By Ronald Diskin Associates Corp.

One of the biggest questions insureds have regarding Property insurance revolves the amount of insurance to place on their property. When purchasing a building, the mortgage company requires the property owner to obtain insurance prior to closing. Most building owners assume the amount of building coverage will be equal to the amount they paid for their property. This is incorrect in some cases.

These are different methods to determine the value of a building. Market value is the price you paid for your building. Replacement cost is the price or cost it will take to rebuild your building in the same spot, same size and same quality of construction, at today's cost. Insurance companies use the replacement cost valuation. These can be two completely different numbers.

For example, a building purchased in a depressed city neighborhood, may have a market value of $1,200,000. The exact building, located in a nice suburb, may have a market price of $1,600,000; however, the cost to rebuild the property after a loss would be the same in either location. This insurance company is looking to insure the building for the full replacement value, not the current market value.

Here is another different example. If an 18 unit / 2 story / brick building/ 12,000 sq ft had a replacement cost of $1,500,000 and you had a mortgage of $1,000,000 and used the mortgage value / market value as a bsis for building insurance, the following would happen:

  • If there was a total claim and the insured went to rebuild, they would have an out of pocket expense of $500,000 as their policy would pay only $1,000,000.
  • If there was a partial claims, $1,000,000, the insurance carrier could pay based on a co-insurance penalty, $66,000, as the building was not insured to the correct replacement cost value. ($1M mortgage vs. $1.5M Repalcement Cost = %66 of replacement cost value)
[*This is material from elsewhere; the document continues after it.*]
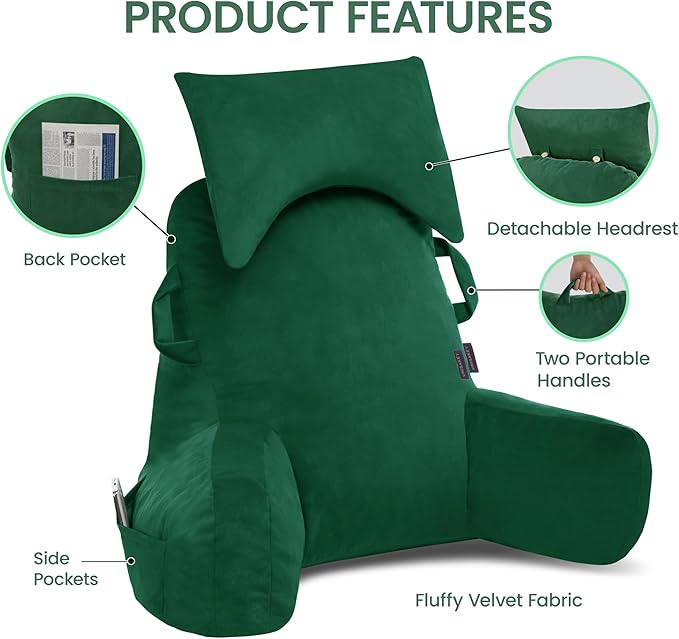 Unisakey Portable Reading Pillows with Headrest for Bed Sitting Up(Green Oeko-Tex), Velvet Back Pillow with Arms & Pockets for Adults, Support Memory Foam Bed Pillow for Dorm/Reading/Watching/Gaming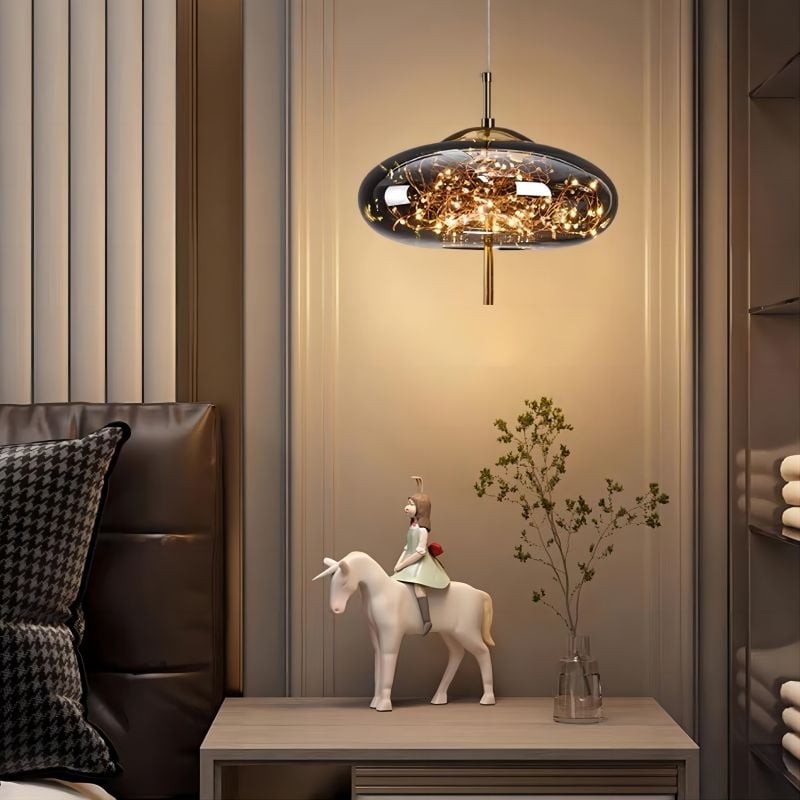 Scandinavian Cylinder Oval Glass Pendant Light M163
For insurance purposes, you should insure your property to 100% of its replacement cost. This will ensure the ability to rebuild the entire building (of like kind and quality - not including code changes which can be insured with Building Ordinance coverage), the way it is now, in the event of a total loss. One thing to remember, you're not insuring the land so leave this out of the replacement cost valuation of the property.


Ronald Diskin Associates Corp. (RDA), specializes in providing superior insurance protection to business owners within commercial real estate including Apartment Buildings, Mixed Use Bildings (Apts & Mercantile), Condo's, Co-op's, Office Buildings, Hotels & Motels, Warehouses and Shopping Centers as well as privately held companies in the Manufacturing, Wholesale Retail and Service Industries. For more information, visit RDA's resource page.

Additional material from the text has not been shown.